> **ACTION ITEM**: Below are the records; return every line from the one that contains "Cheerleader Lift &" to the last, exactly, skipping the pictures.

> **DATASET RECORDS**:
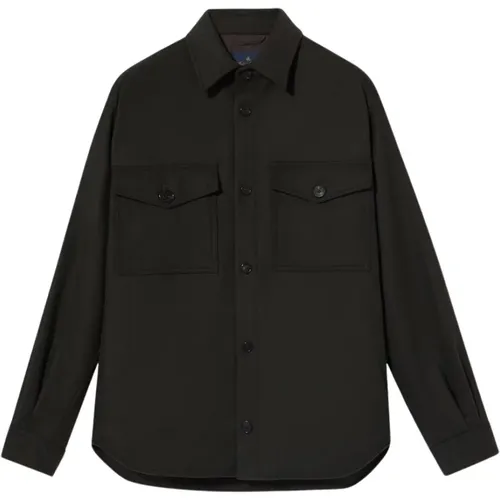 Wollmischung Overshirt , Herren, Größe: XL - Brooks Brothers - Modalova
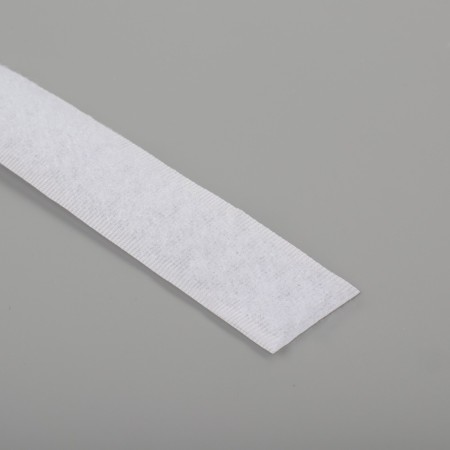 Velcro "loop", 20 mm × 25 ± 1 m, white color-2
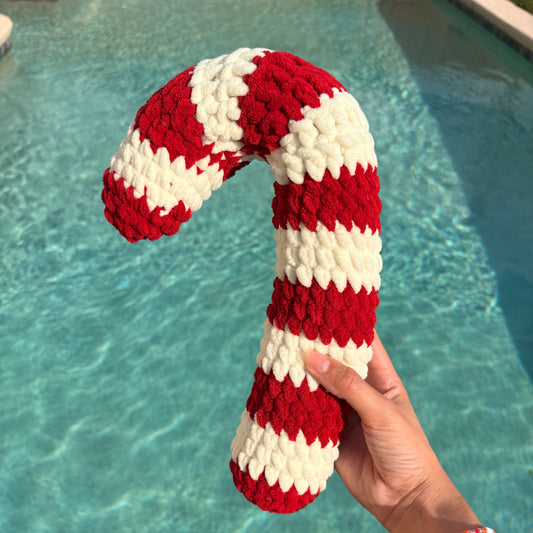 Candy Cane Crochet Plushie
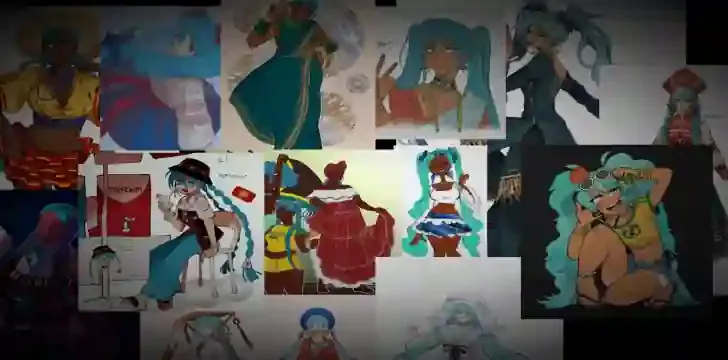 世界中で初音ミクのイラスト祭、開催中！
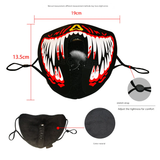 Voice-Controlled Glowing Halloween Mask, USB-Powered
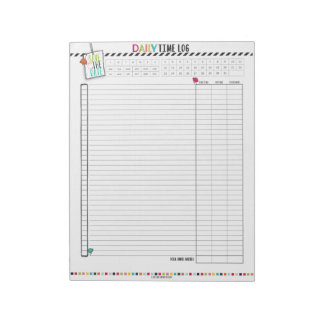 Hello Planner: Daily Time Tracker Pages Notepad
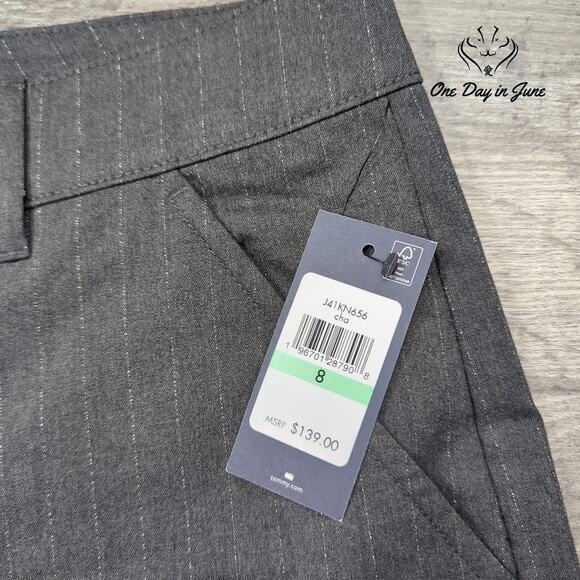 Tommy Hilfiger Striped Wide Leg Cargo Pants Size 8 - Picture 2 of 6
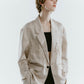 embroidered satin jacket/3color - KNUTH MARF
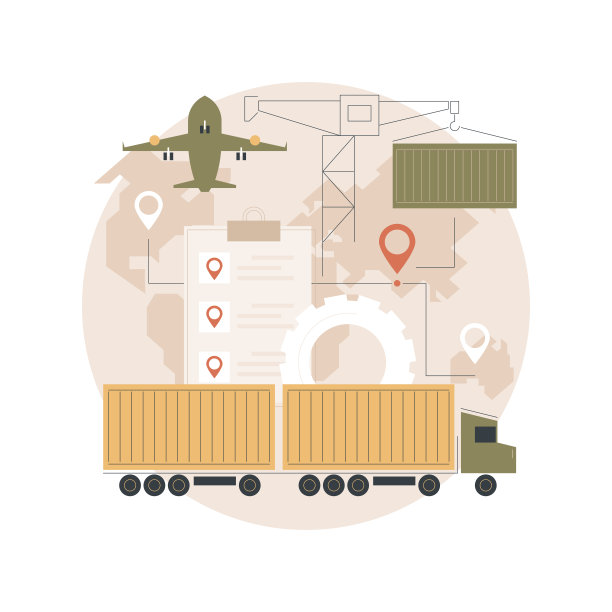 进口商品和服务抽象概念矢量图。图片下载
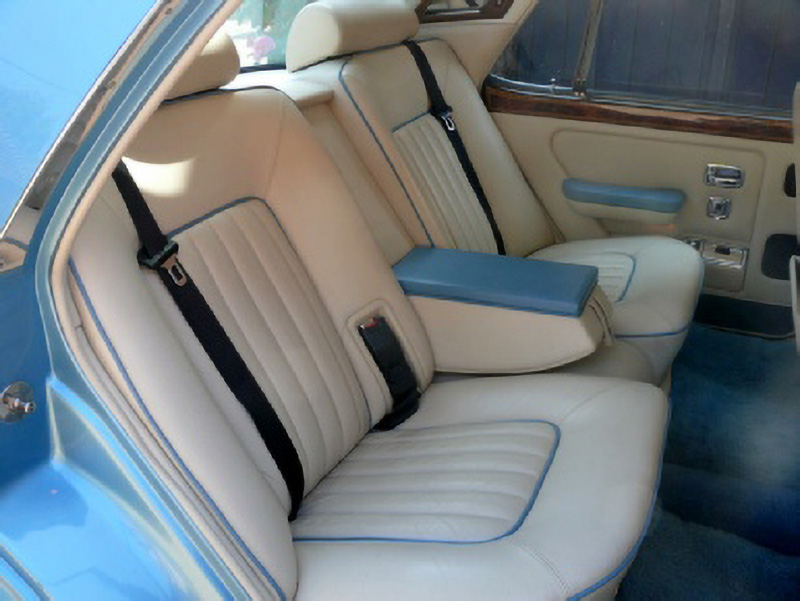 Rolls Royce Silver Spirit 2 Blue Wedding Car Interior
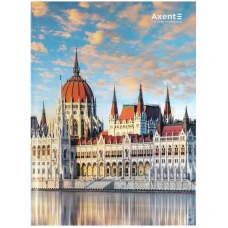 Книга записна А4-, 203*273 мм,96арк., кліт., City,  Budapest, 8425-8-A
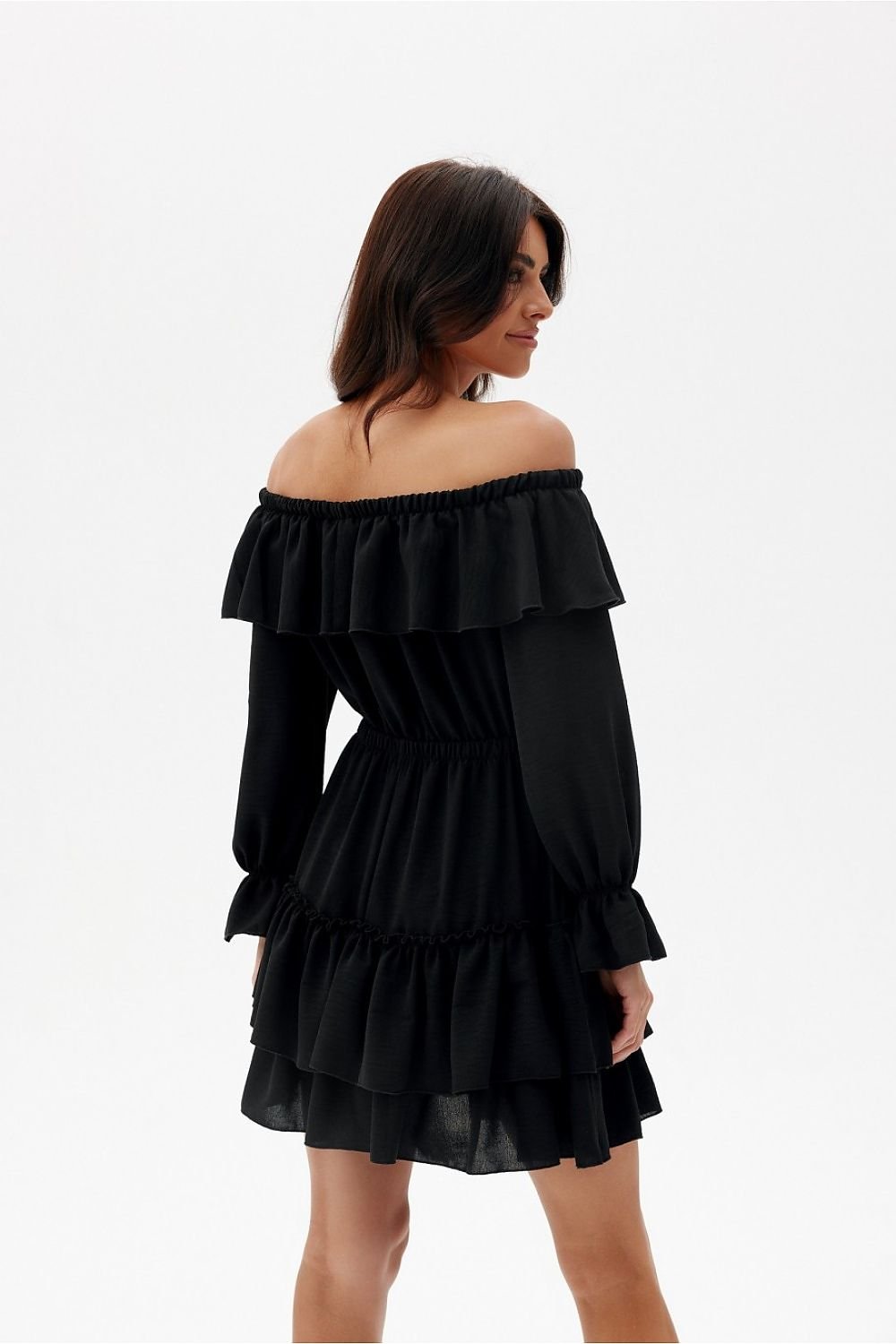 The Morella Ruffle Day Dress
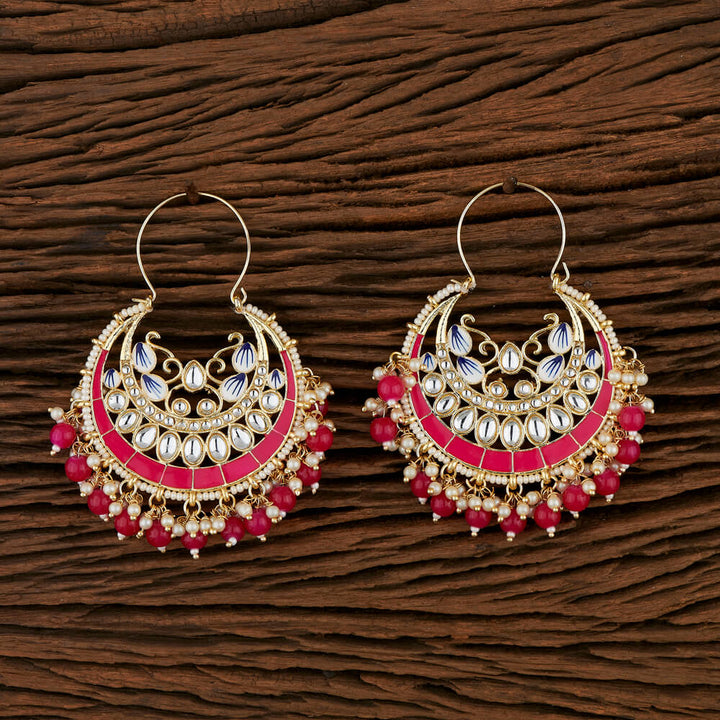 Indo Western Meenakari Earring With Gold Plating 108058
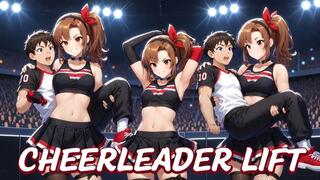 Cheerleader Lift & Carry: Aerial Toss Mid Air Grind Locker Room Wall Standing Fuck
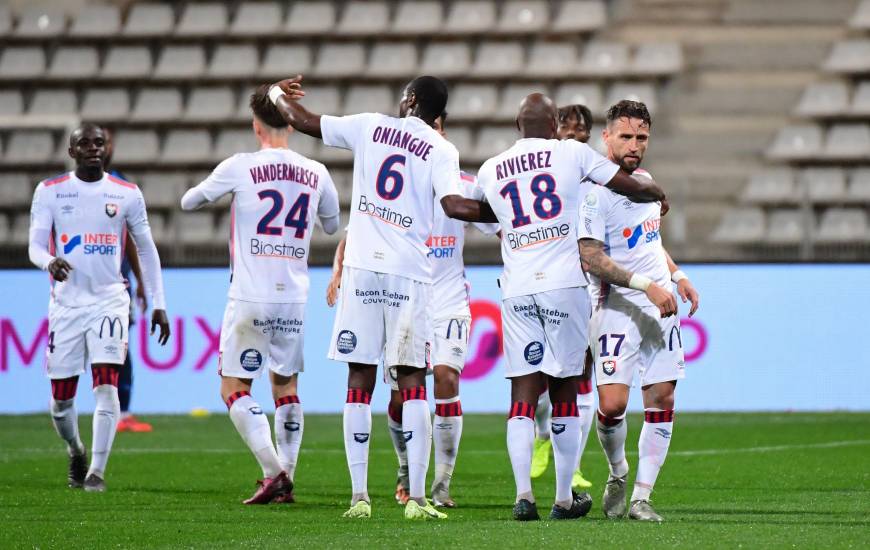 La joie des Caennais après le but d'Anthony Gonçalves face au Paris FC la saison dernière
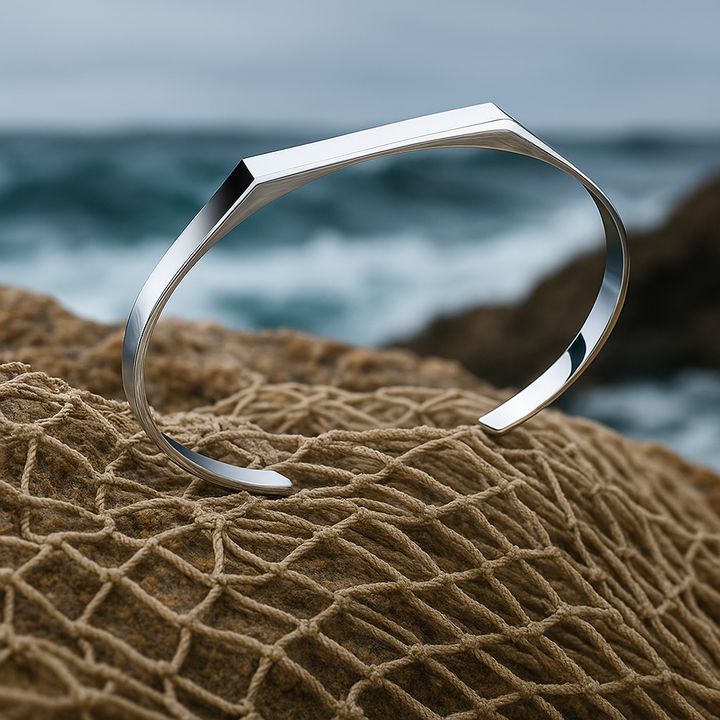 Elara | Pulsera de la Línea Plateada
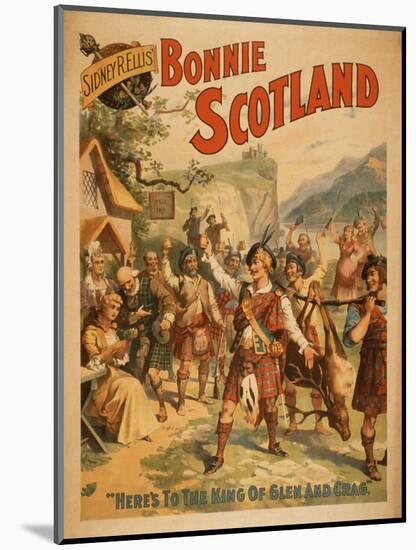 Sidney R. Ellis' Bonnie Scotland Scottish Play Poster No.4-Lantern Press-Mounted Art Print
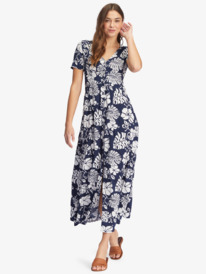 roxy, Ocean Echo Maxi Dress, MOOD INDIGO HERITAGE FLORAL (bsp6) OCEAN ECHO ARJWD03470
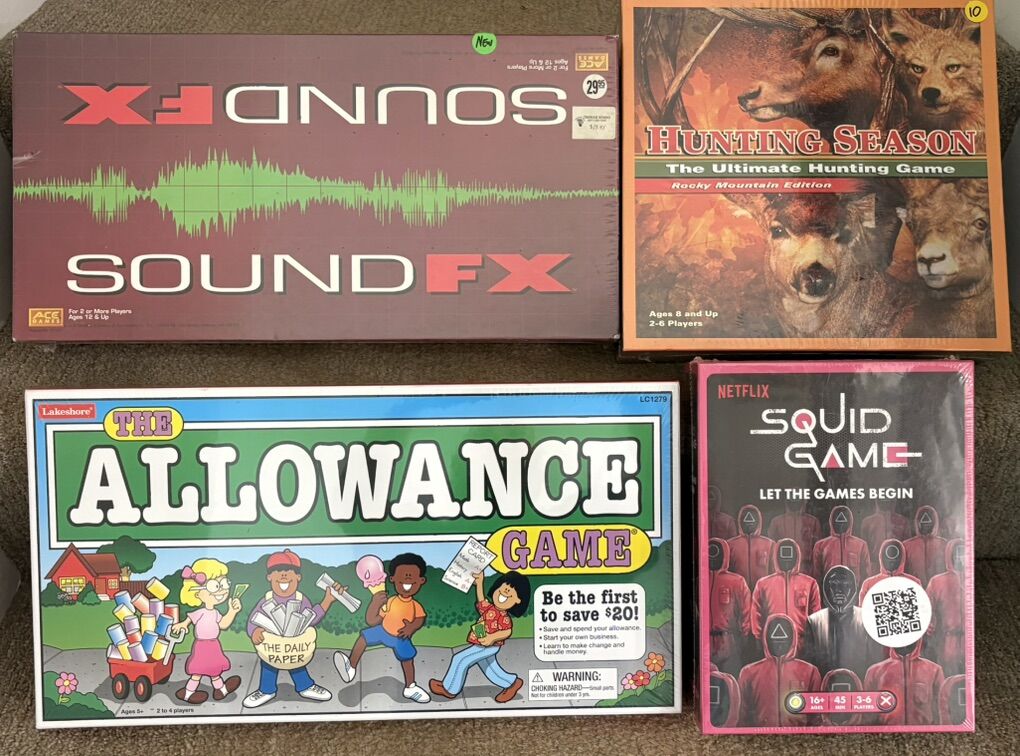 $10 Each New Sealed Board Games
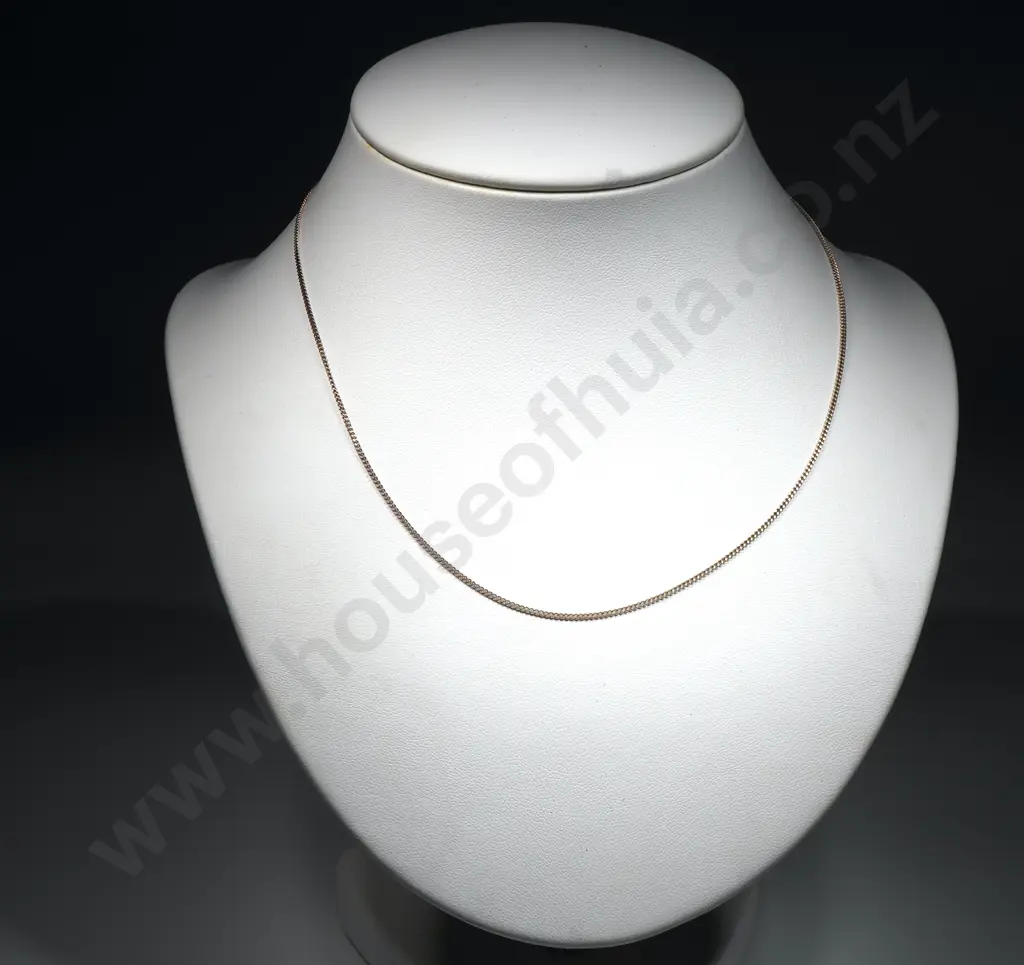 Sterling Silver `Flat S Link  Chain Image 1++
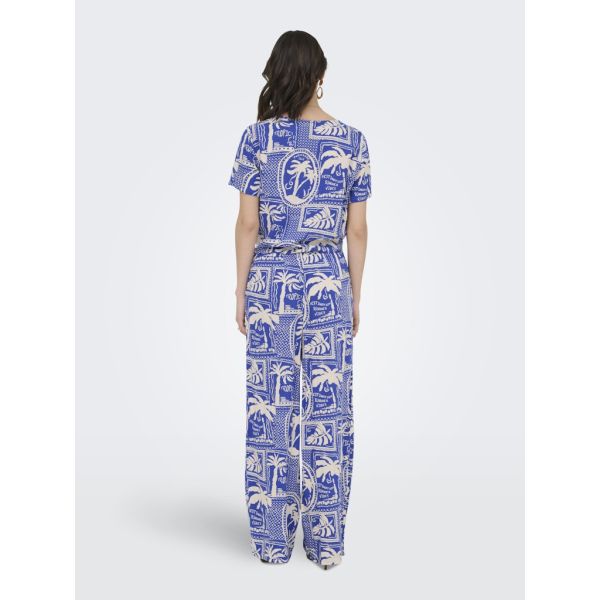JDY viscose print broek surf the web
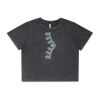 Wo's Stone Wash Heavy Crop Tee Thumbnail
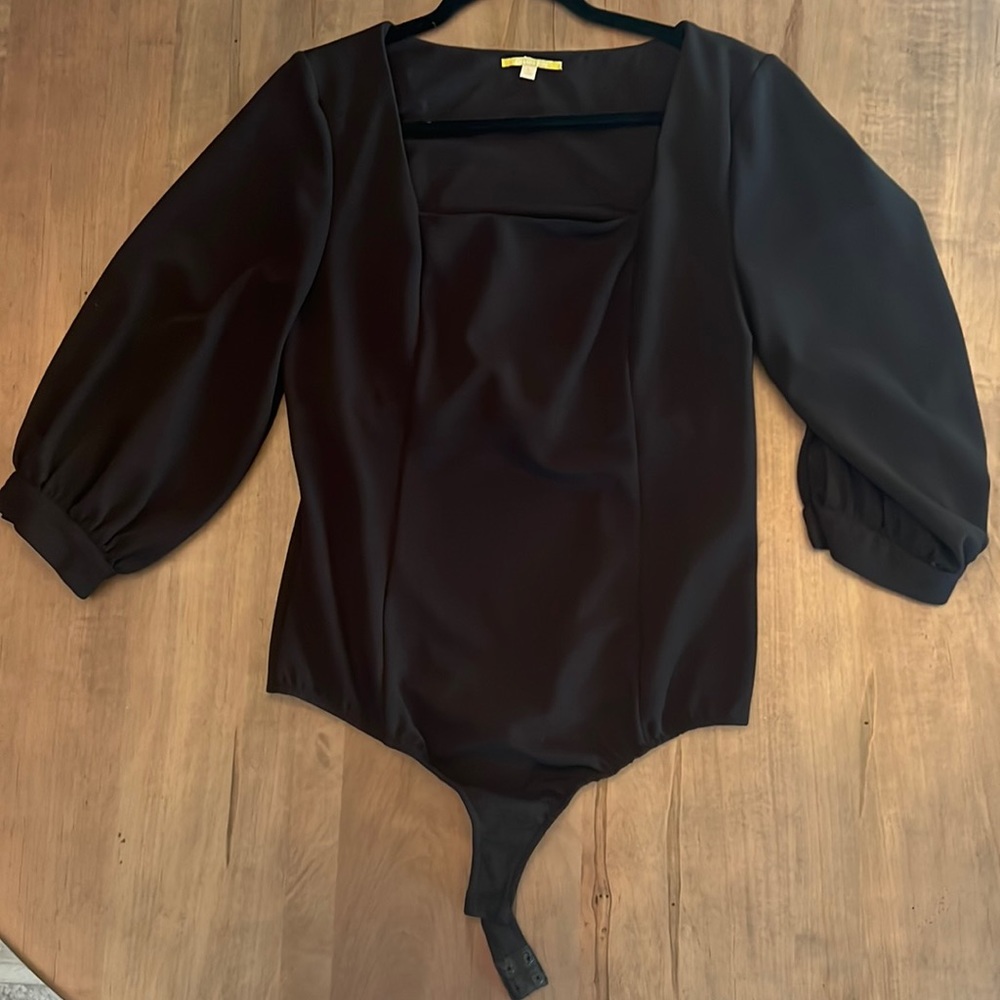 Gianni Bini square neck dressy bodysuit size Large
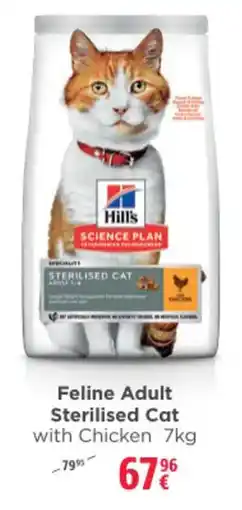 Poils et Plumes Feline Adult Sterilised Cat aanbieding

> **EXERCISE SOLUTION**:
 Cheerleader Lift & Carry: Aerial Toss Mid Air Grind Locker Room Wall Standing Fuck
 La joie des Caennais après le but d'Anthony Gonçalves face au Paris FC la saison dernière
 Elara | Pulsera de la Línea Plateada
 Sidney R. Ellis' Bonnie Scotland Scottish Play Poster No.4-Lantern Press-Mounted Art Print
 roxy, Ocean Echo Maxi Dress, MOOD INDIGO HERITAGE FLORAL (bsp6) OCEAN ECHO ARJWD03470
 $10 Each New Sealed Board Games
 Sterling Silver `Flat S Link  Chain Image 1++
JDY viscose print broek surf the web
 Wo's Stone Wash Heavy Crop Tee Thumbnail
 Gianni Bini square neck dressy bodysuit size Large
 Poils et Plumes Feline Adult Sterilised Cat aanbieding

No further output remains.